L’éducation est un art complexe. Il existe une multitude de parents, avec leurs bagages et il n’y a pas de parents parfaits. C’est parce que je ne le suis pas et parce que j’apprend au fil du temps qu’aujourd’hui j’ai décidé de te parler d’un livre-source, paru chez First édition, pour une éducation bienveillante et efficace grâce à Laurence Dudek.

Quelques mots sur l’Auteure :

Laurence Dudek est une psychothérapeute, praticienne en PNL (en Programmation Neuro-Linguistique) et en Hypnose Ericksonienne mais aussi psychopédagogue. Ce champ de compétences lui offre ainsi une approche personnelle de l’accompagnement familial.

Aujourd’hui, elle propose aussi des écrits pour aider les parents sur le chemin de l’éducation. Elle est l’auteure du livre “Parents bienveillants, enfants éveillés” mais aussi de l’ouvrage dont je vais te parler : Une éducation bienveillante et efficace.

Une éducation bienveillante et efficace ?

Sous l’apparence de 10 clés, Laurence Dudek nous guide pour trouver le juste équilibre dans notre parentalité. En effet, entre “laxisme” et “autorité“, il n’est pas facile de s’y retrouver pourtant il est indispensable de bien éduquer en prenant conscience des singularités de l’enfant sans lésiner sur son bien-être !

Au sein de l’ouvrage, tu trouveras des cas concrets par le biais d’expériences de parents et de réponses claires. Le but étant que l’on puisse se reconnaître en chaque situation énoncée.

Creusons le sujet !

  • La clef n°1 : Tout ce que nous faisons, nous avons apprit à le faire.

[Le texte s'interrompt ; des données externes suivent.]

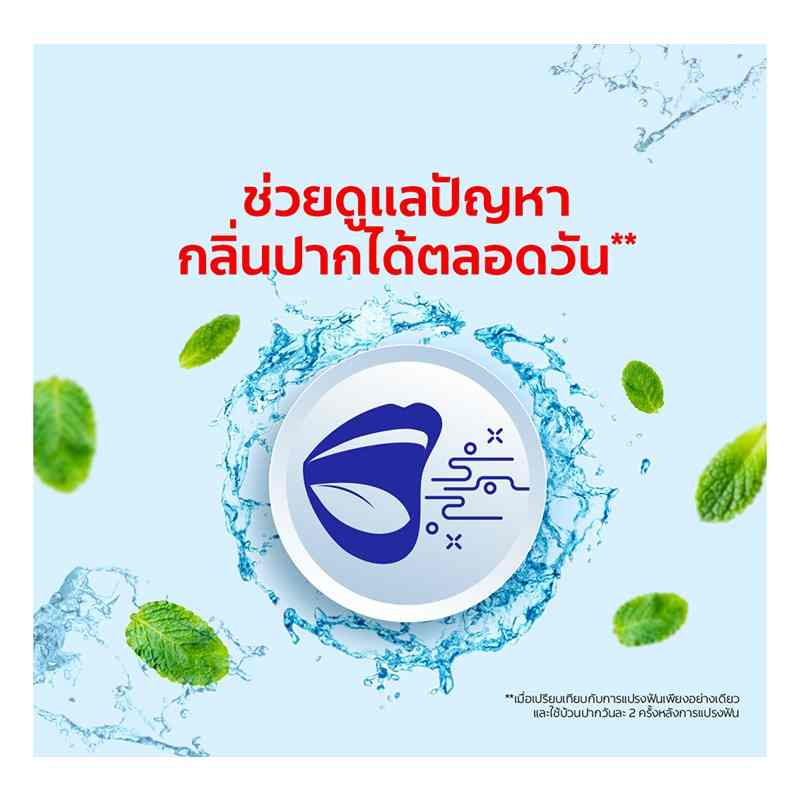 คอลเกต น้ำยาบ้วนปากพลักซ์ เปปเปอร์มินต์ 250 มล.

L’éducation commence dès la naissance, elle mène aux apprentissages dont s’inspirent tous les comportements humains…” ; Quoique nous faisons, nous avons apprit consciemment ou non, à le faire et l’on ne peut pas “désapprendre” quelque chose. Cependant, nous pouvons enrichir nos connaissances et ajouter de nouvelles données au cerveau afin qu’il se débarrasse de l’inutile. Voilà pourquoi il sera inutile de dire à l’enfant qu’il “ne doit pas” faire ceci, ou cela. Il vaut mieux lui expliquer et lui montrer l’exemple; Lui dévoiler ce que l’on attend de lui pour obtenir un bon fonctionnement cognitif. Nous sommes des guides pour eux.

Les enfants sont des miroirs, qu’il s’agisse de gestes ou d’émotions. Ils sont francs, ils sont vrais et sans détours…
18 pages sont consacrées à cette première clef pour que tu puisses en saisir toute l’essence !

  • La clef n°2 : L’intelligence émotionnelle conditionne notre développement !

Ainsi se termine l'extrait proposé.